◆ **TRY IT**:
From the line holding "Used 2023 BMW" to the final line below, restate each line word for word and add nothing.

◆ **EXTRACTED MATERIAL**:
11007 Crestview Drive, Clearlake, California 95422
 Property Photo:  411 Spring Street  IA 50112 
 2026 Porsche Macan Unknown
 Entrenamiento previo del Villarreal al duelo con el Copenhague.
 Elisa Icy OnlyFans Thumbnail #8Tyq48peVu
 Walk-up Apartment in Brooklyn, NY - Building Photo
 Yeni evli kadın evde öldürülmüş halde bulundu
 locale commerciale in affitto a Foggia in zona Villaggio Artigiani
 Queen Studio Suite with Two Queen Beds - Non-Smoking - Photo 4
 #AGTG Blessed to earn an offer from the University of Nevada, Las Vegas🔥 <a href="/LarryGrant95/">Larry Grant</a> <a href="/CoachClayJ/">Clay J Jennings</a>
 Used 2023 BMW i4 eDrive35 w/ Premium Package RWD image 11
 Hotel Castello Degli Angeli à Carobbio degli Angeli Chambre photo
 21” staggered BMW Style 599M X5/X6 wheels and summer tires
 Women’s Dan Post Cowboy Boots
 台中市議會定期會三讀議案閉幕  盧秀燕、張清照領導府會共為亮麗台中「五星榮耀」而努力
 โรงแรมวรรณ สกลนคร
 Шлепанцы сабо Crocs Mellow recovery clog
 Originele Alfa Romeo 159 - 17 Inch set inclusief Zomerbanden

◆ **EXERCISE SOLUTION**:
 Used 2023 BMW i4 eDrive35 w/ Premium Package RWD image 11
 Hotel Castello Degli Angeli à Carobbio degli Angeli Chambre photo
 21” staggered BMW Style 599M X5/X6 wheels and summer tires
 Women’s Dan Post Cowboy Boots
 台中市議會定期會三讀議案閉幕  盧秀燕、張清照領導府會共為亮麗台中「五星榮耀」而努力
 โรงแรมวรรณ สกลนคร
 Шлепанцы сабо Crocs Mellow recovery clog
 Originele Alfa Romeo 159 - 17 Inch set inclusief Zomerbanden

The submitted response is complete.